What to do. Restate word for word the lines of the material below, from the line with "МФУ лазерное Canon" to the line with "Android application The", both lines included, and no others.

Records for this task.
= Beginning of Section =
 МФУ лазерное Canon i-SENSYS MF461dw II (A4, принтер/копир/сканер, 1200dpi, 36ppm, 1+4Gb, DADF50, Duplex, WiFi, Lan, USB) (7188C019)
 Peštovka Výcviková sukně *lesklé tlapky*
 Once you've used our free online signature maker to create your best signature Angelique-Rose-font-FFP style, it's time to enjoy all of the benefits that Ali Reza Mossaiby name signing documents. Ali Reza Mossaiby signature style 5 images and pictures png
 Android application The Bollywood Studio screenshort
= End of Section =
= Beginning of Section =
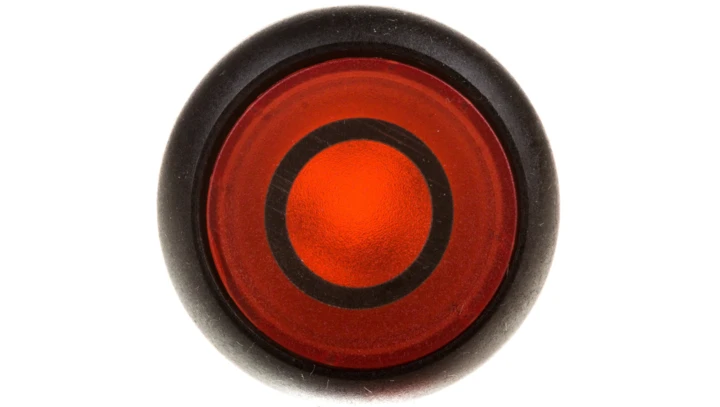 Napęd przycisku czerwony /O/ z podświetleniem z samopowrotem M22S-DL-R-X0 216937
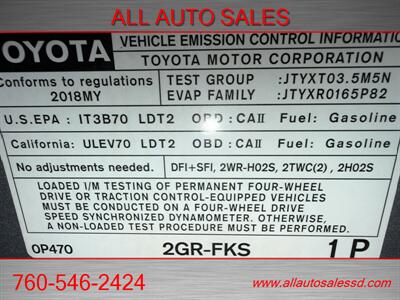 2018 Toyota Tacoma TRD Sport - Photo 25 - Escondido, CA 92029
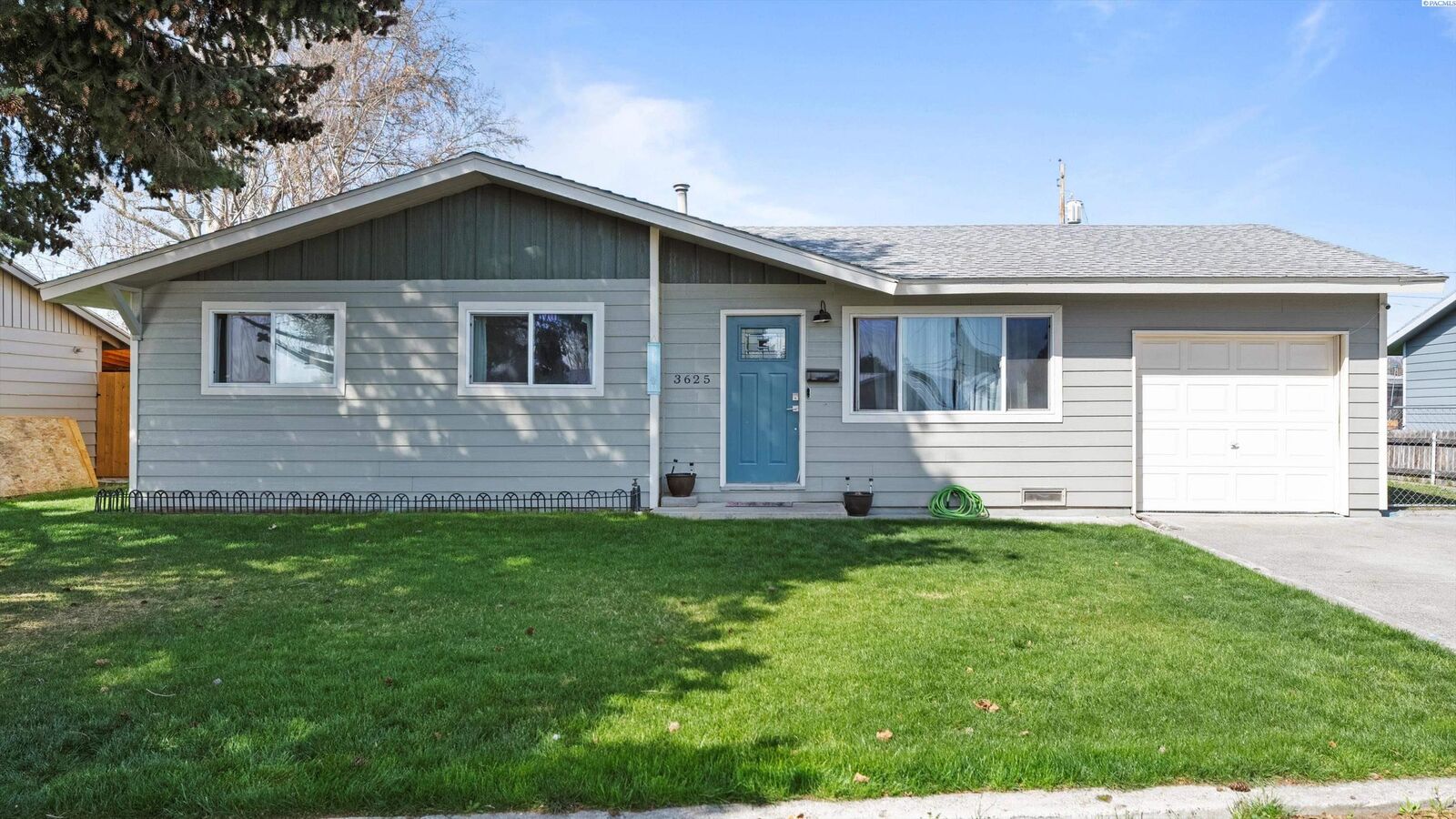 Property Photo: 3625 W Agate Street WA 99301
= End of Section =
= Beginning of Section =
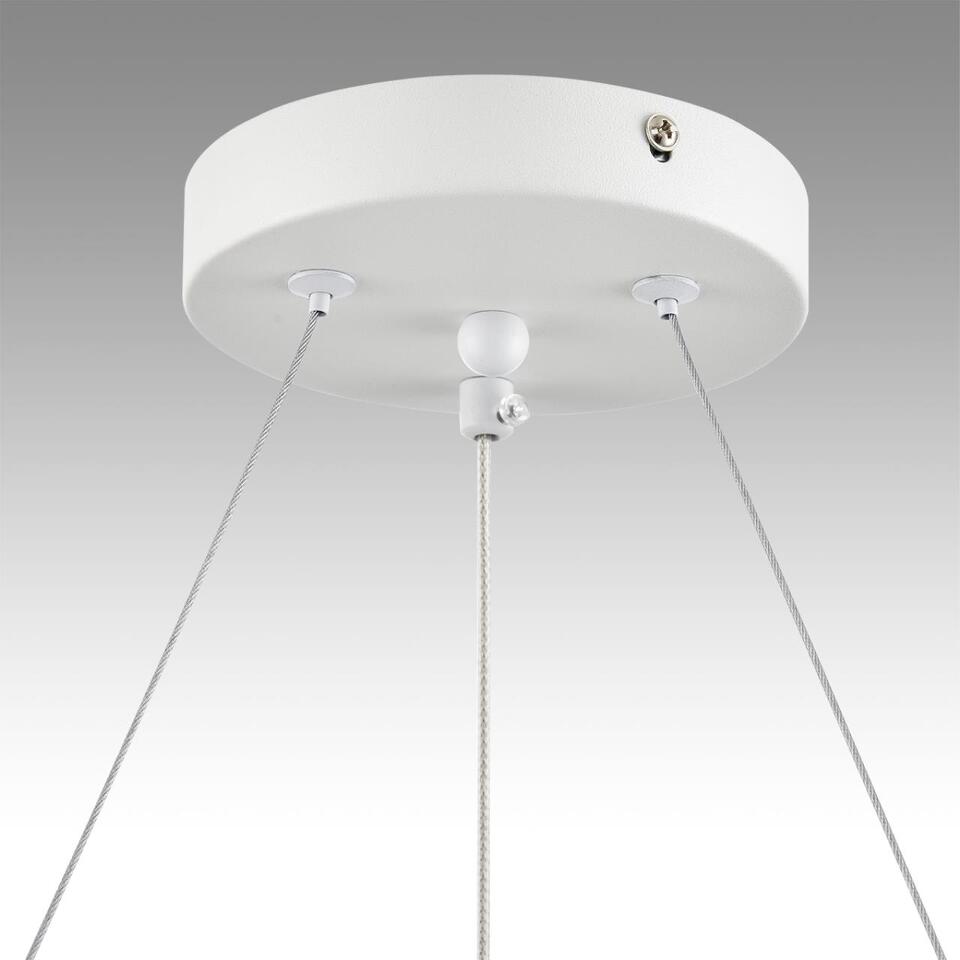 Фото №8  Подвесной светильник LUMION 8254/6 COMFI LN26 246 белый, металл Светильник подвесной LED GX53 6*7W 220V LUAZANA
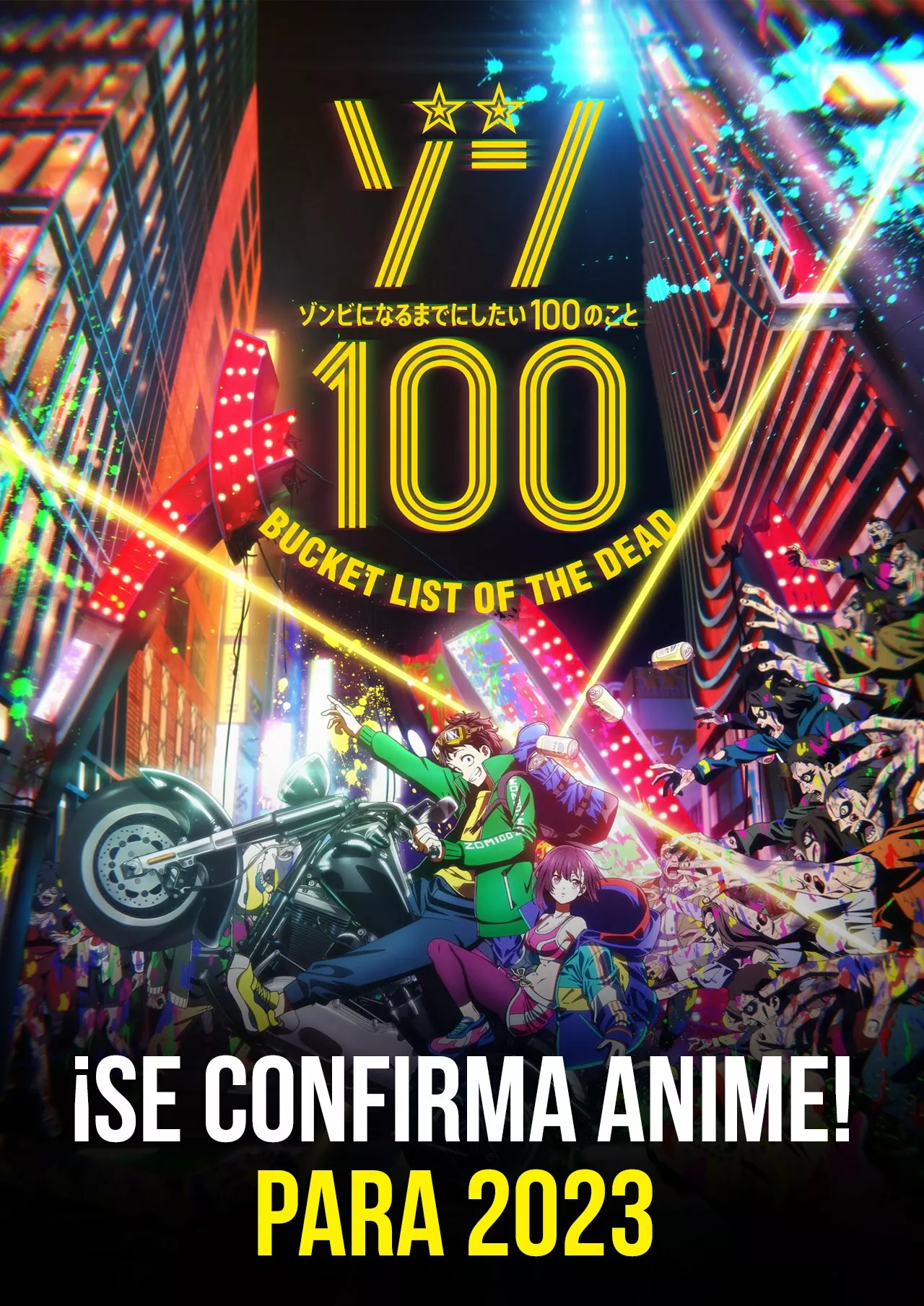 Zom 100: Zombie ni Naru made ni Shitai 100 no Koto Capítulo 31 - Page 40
= End of Section =
Solved exercise.
 МФУ лазерное Canon i-SENSYS MF461dw II (A4, принтер/копир/сканер, 1200dpi, 36ppm, 1+4Gb, DADF50, Duplex, WiFi, Lan, USB) (7188C019)
 Peštovka Výcviková sukně *lesklé tlapky*
 Once you've used our free online signature maker to create your best signature Angelique-Rose-font-FFP style, it's time to enjoy all of the benefits that Ali Reza Mossaiby name signing documents. Ali Reza Mossaiby signature style 5 images and pictures png
 Android application The Bollywood Studio screenshort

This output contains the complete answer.